By Belinda

March 22: It was my last day in Alvechurch and it felt like so much had happened in the two weeks I'd been there. And yet, not enough!


Rob and I had made a lot of arrangements together during the first week: visits to the funeral home, local housing authority, etc. And we had slowly begun the process of going through Mum's things. Doing this together was so much easier than if either one of us would have tried to do it alone. We decided together what we had to let go, give away or throw away. A trip to the "tip" ("dump" to we North Americans,)  or to the clothing bank, felt almost like a sacred ritual, a parting with things that had been Mum's.


Mum had very little in terms of worldly belongings, but it was surprising how long it took us to go through her shelves and dresser drawers--probably because doing so stirred so many memories for Rob and me. Each memory sparked conversation, laughter or sighs.


Mum saved letters, cards, little slips of paper, photos, etc.. All of them were special to her for some reason. English money and Euros too, were tucked among the other bits of paper, like little surprises left by Mum.   


Finally, down to the last day, all the bedroom shelves and drawers were sorted out at least, but we were left with the nick-nacks and some precious things that I wanted to keep but couldn't possibly fit into my suitcase to take home. Susan helped by carrying Mum's Bible and two small but weighty photo albums home to Canada for me, but still, it looked as though my case was surrounded by a sea of clutter and I couldn't seem to focus on sorting it out. 


There were a couple of things that I still wanted to do by that last day--having lunch with Susan at the Red Lion was one of them, and popping in to see Mum's old and dear friend Trudy Cluderay was the other. Trudy is 97 and helped look after the much younger seniors at the Sycamore Club until it closed within the past couple of years. She still delivered magazines for Mum to look at until recently--and I had taken a photograph of the last ones Mum had. The headlines always made me smile.
But Trudy, too, had become frail over the past year and her independence had been limited.

She hadn't been coming out to Alvechurch Baptist Church, where in the past, I would always join her in "her pew," but friends told me her key-safe code, so that I could drop in and visit her before leaving.


I went there before lunch on that last day and let myself into the little vestibule in front of the door. An atmosphere of peace filled that tiny space. On the ledge was a text, burned into a slice of tree limb. It announced that "It is a good thing to give thanks to the Lord...in the morning...and every night." Psalm 92:1-2


Inside a gas fire warmed the tastefully decorated and comfortably furnished, living room. I called Trudy's name, but there was no answer and since I knew that she no longer ventured upstairs, I left, feeling that somehow I had visited with her even though she wasn't there.


As the day wore on my packing waited. I knew I was procrastinating but couldn't help it.  I tried to do as much as I could to help Rob with the remaining work as I knew that he would still have so much to do once I was gone. Bit by bit the rooms were being emptied and Mum's "home" and was disappearing. 

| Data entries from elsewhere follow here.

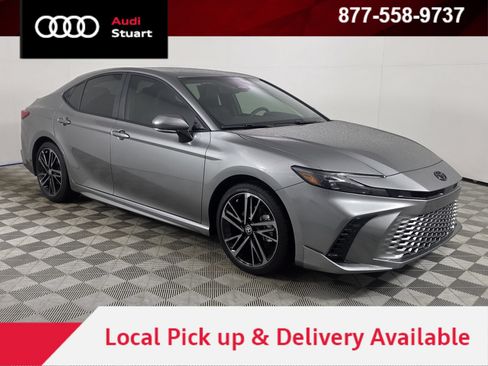 Used 2026 Toyota Camry XSE FWD image 1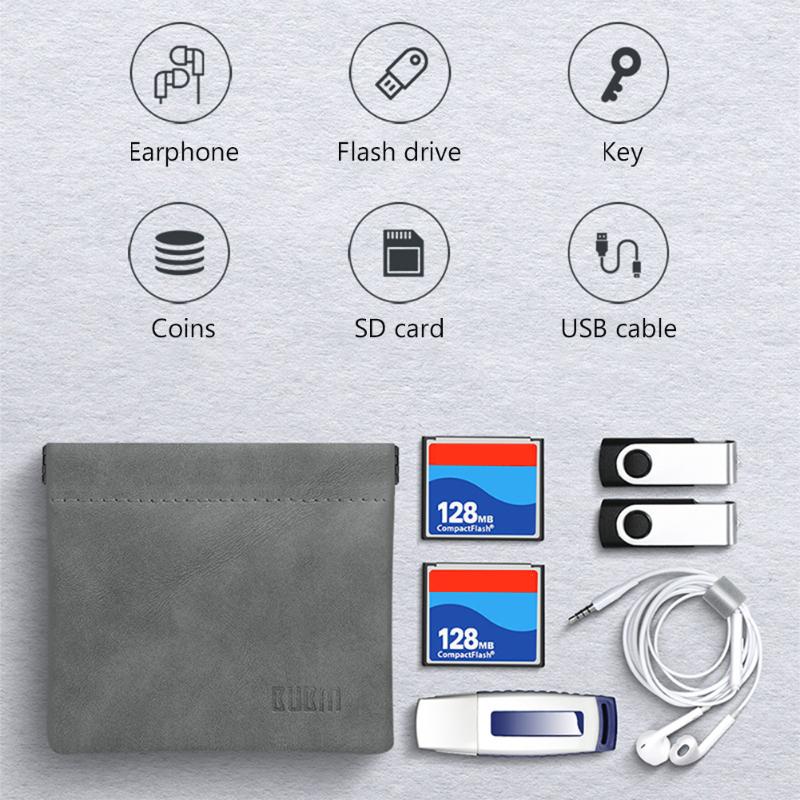 Storage Bags Portable Headphone USB Data Cable Organizer Earphones Case Pouch Memory Card Protection Soft Elast Accessories
Storage Bags Portable Headphone USB Data Cable Organizer Earphones Case Pouch Memory Card Protection Soft Elast Accessories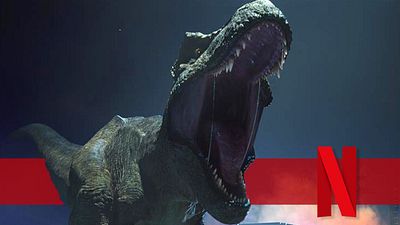 bild aus der news Nachschub für "Jurassic Park"-Fans: Erste Bilder und Startdatum zur neuen "Jurassic World"-Staffel auf Netflix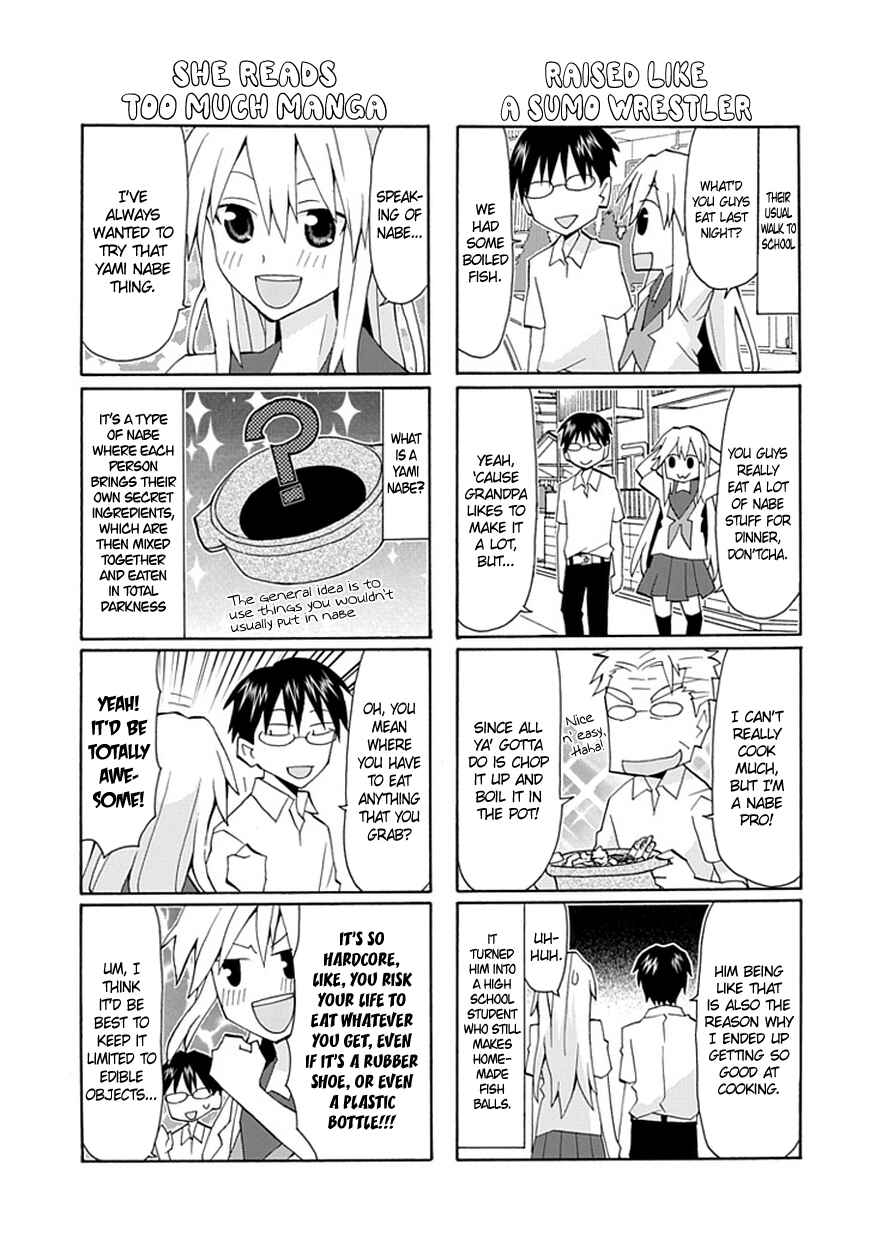 Page 4 Chapter 44 Yandere Kanojo (Online)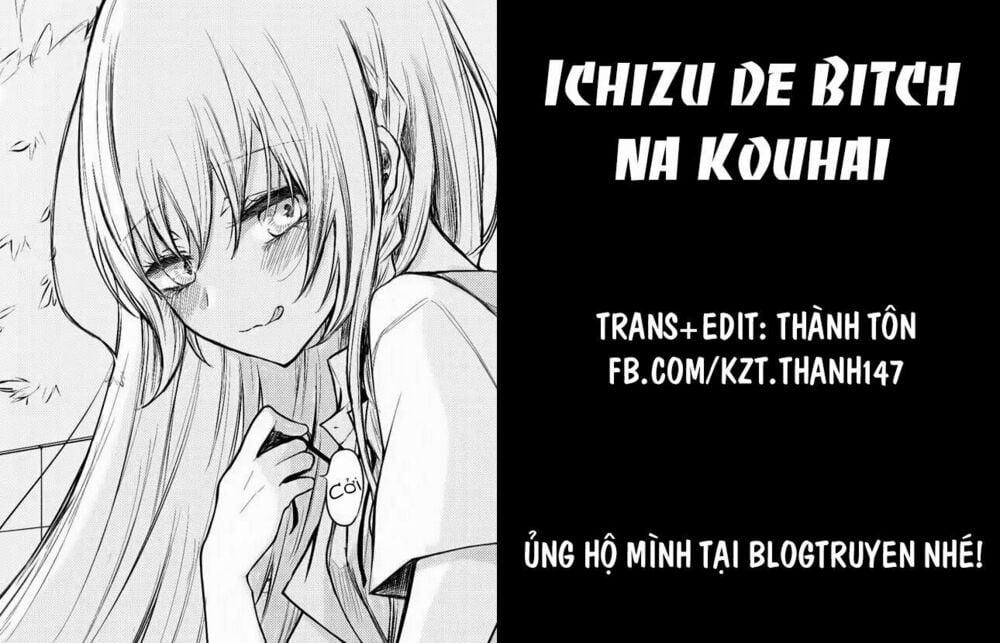 Ichizu De Bitch Na Kouhai Chương 1 Trang 1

My nephew Tim dropped by after work to say goodbye and we parted with hugs. 


Rob and I took Susan to Birmingham Airport to catch her bus to Gatwick Airport in the mid evening. 


Later John also dropped by to say goodbye, even though he had a very early start the next morning. More hugs!


And Bruce joined in with all of the visitors, just happy to have all of his favourite people together in one day.


Finally at around midnight, Rob went back to his flat to get a few hours sleep. We were leaving at 4.30 in the morning. 


Finally, in the stillness of the night, I felt that I could pack. I knew I wouldn't be going to bed. There were emotions in leaving that little home that I couldn't even give words to. In solitude and silence, while the rest of "the close" slept, I prepared to pack a case to leave Mum's flat for the last time. 



Comments

Anonymous said…
Having just gone through something similiar - the packing and tripping down memory lane - I can both identify and sympathize. It is amazing how a small item can open such a big memory. It is so hard to move forward when part of you wants to sit and savour each and every thought. I hope the items you managed to bring home will bring you comfort and joy.
Ah, you may have left the flat, but you will visit it again and again over the years. My grandma's house, one of the few places I felt safe as a child, is still a place of pilgramage for me - all these years later. She still lives there, it still smells of hard work and baking, the old blanket still covers the back of the chesterfield. My visis to grandma's place were a source of excitement as a child and are a source of comfort as an adult. Trust me, you'll be back - and - she'll be there.
Belinda said…
Yes,Anonymous friend, the items,which I must take photos of and post them at some point, are in my bedroom at the moment, and they are indeed bringing me comfort and joy! I feel as though I brought something very precious home with them.
Belinda said…
Dave, yes! I have so many wonderful photographs, and mental photos too! You are right...

Rob has seen new people checking out the place and a new kitchen is being installed. I hope they pick up the special vibes in that place!
Belinda said…
Dave, yes! I have so many wonderful photographs, and mental photos too! You are right...

Rob has seen new people checking out the place and a new kitchen is being installed. I hope they pick up the special vibes in that place!